Simple person detection Using Tinker Board and Balena Cloud

Few months ago I wrote a post to extract h264 data from a v380 camera and streamed it over RTSP using rtsp simple server. Recently I coupled that with Asus TinkerBoard and Balena cloud to have the ability for the v380 camera to detect a person in the frame.

To implement this I tried (as much as I could) to use the code that is already available and not to write anything from the scratch. So for the person detection, I used the code from pyimagesearch. To deploy this code, I used balena's debian-python:3.7-build container image.

To stich everything together and pass on the output from the object detection module to the clinet, I used tornado.

I’m yet to post the source code for this demo on github, I’ll do that soon.

How does it work?

There are two parts, the client that runs on a computer/PC and the server that runs on the tinkerboard (you can use other boards also, balena supports a wide range of devices).

We have a python3.7 container running on the tinkerboard which has opencv installed on it.
We have an http server to handle the websocket connections.
We have a program that reads the RTSP stream, applies the person detection algorithm and gets the co-ordinates for the person in the give frame.
We send these detections over the websocket to the client.
The client on the other hand opens a new RTSP connection and reads the stream.
It also connects to the web server running on the tinker board. Over the websocket it receives the detections (co-ordinates for the bounding boxes).
The client then draws those bounding boxes over the video feed that is coming from the RTSP server and displays it.

How to implement it?

Create an application and add devices to it on balena cloud

Login to balena.io
Create a new application
add devices to the application.
Download and write balena os image on an SDcard. In this step you can also configure the wifi network credentials.
Power on the device. Soon after the device powers on, it will connect to your network (ethernet/wifi depending upon what you have configured) and you will be able to see it’s status “connected” on the balena dashboard.

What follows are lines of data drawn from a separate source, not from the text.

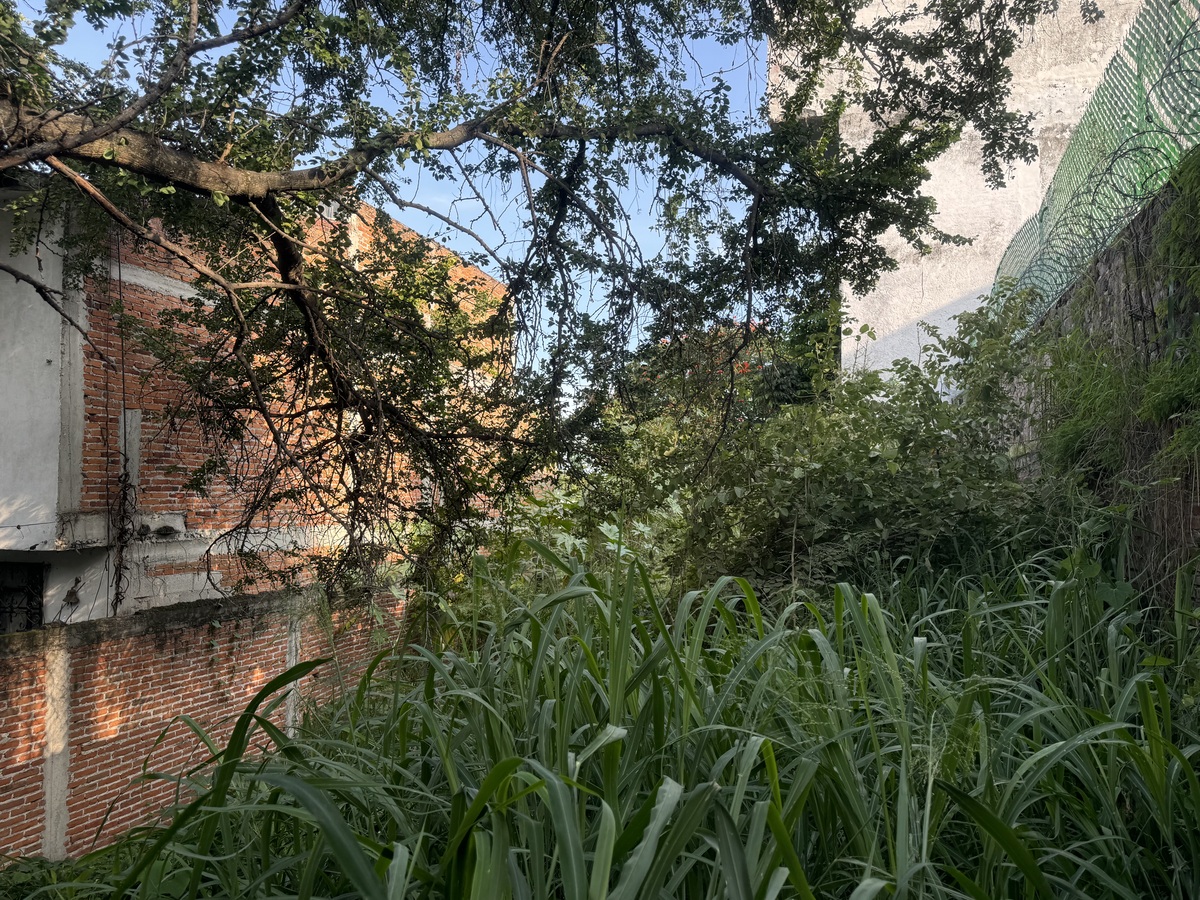 1 of 4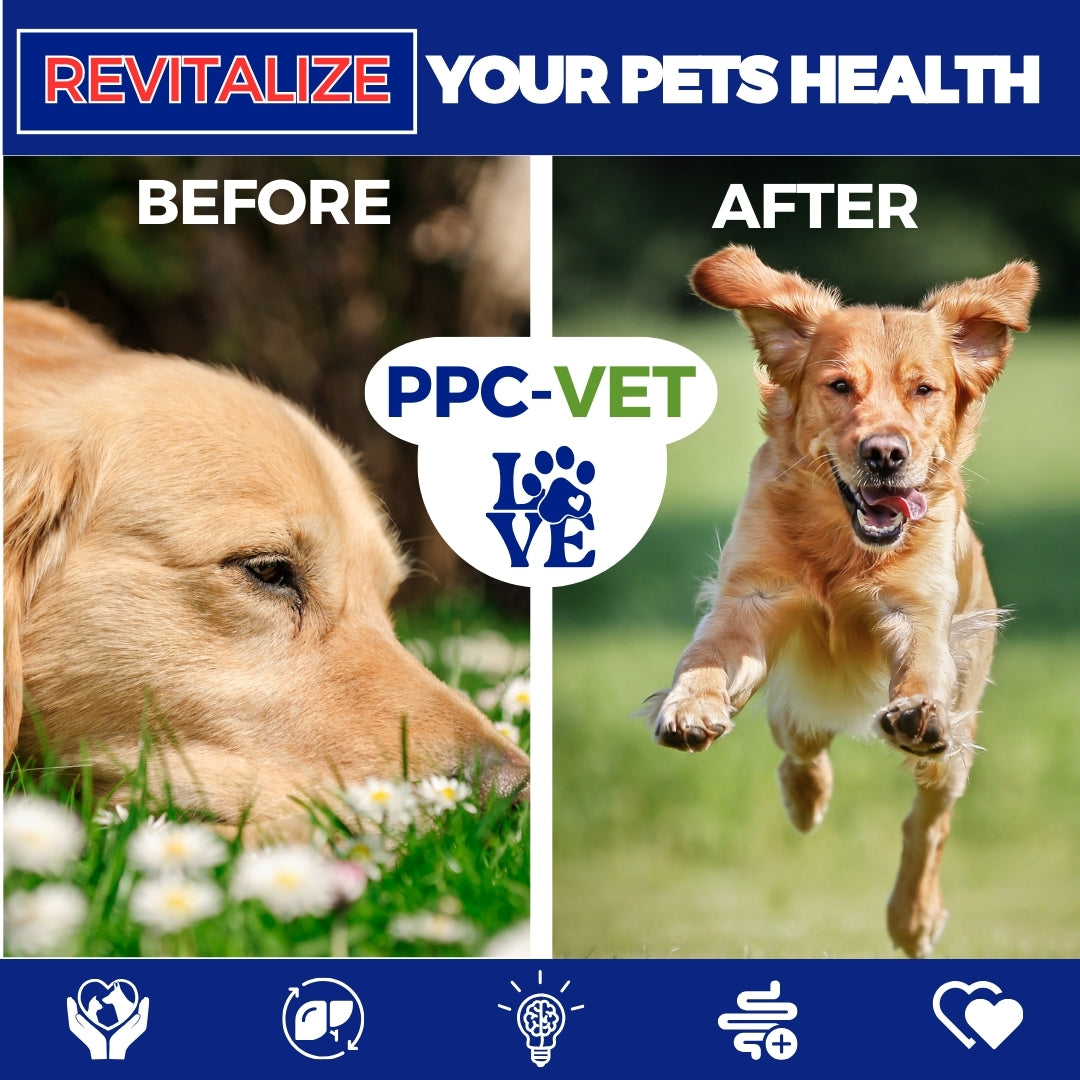 PhosChol PPC VET - Premium Veterinarian Approved Phosphatidylcholine Health Supplement for Dogs and Cats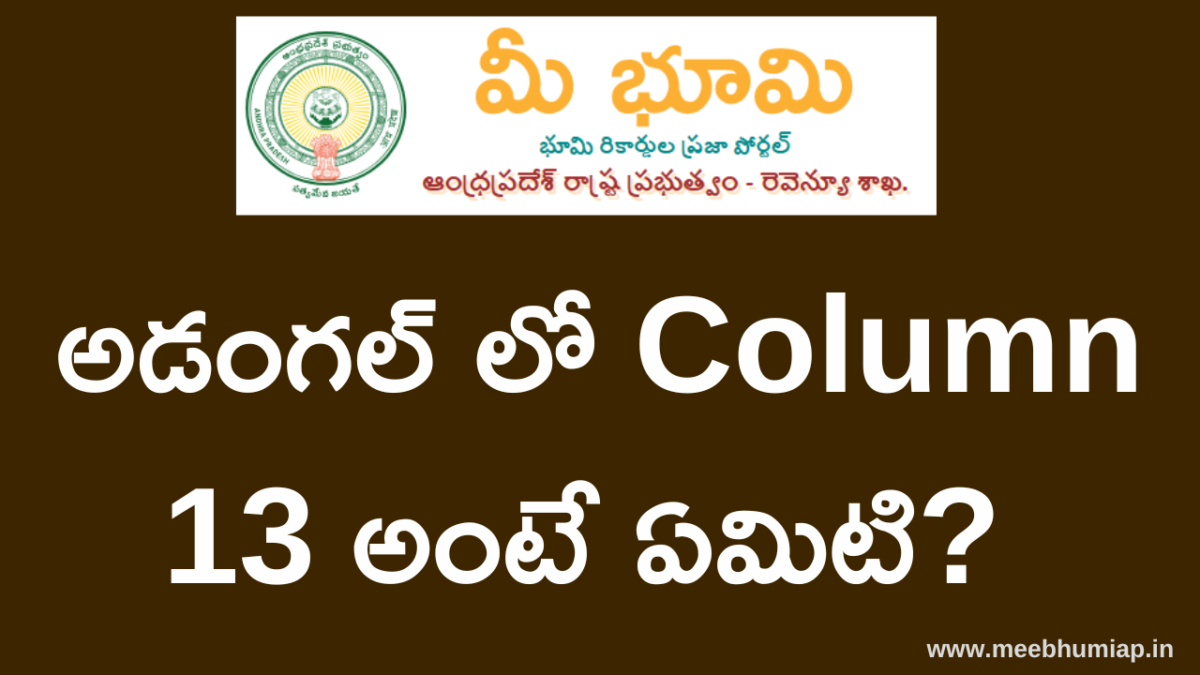 adangal column 13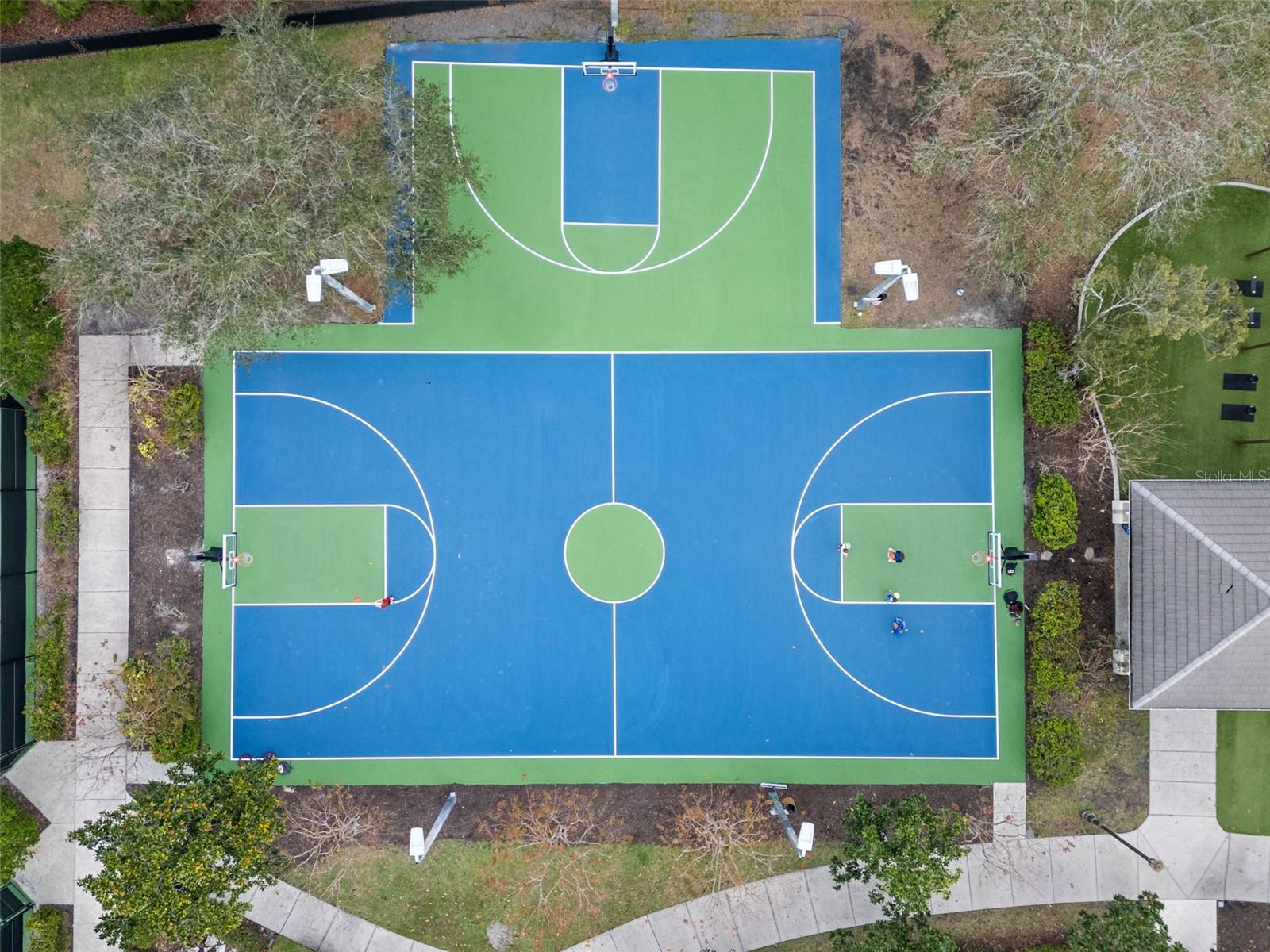 12003 SAN CHALIFORD CT, TAMPA, FL, 33626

The detailed documentation for doing the above mentioned process is available at balena.io/docs

Just a quick note, you can ssh into both your host os running on the device as well as in a specific container where your application is running.

In order to do that

# to login to an application container
$ balena ssh <device id> <container>
# to login to the host os on the device
$ balena ssh <device id>

The CODE

For this demo, I’ve used tornado instead of flask. The main reason behind using tornado is that it uses non blocking network I/O so it is better for serving the data over websocket.

Web server:

#!python3
import tornado.ioloop
import tornado.web
import tornado.websocket
    
clients = []

# Handle http response for '/'
class MainHandler(tornado.web.RequestHandler):
    def get(self):
        self.write("This is a websocket-server for person detection demo")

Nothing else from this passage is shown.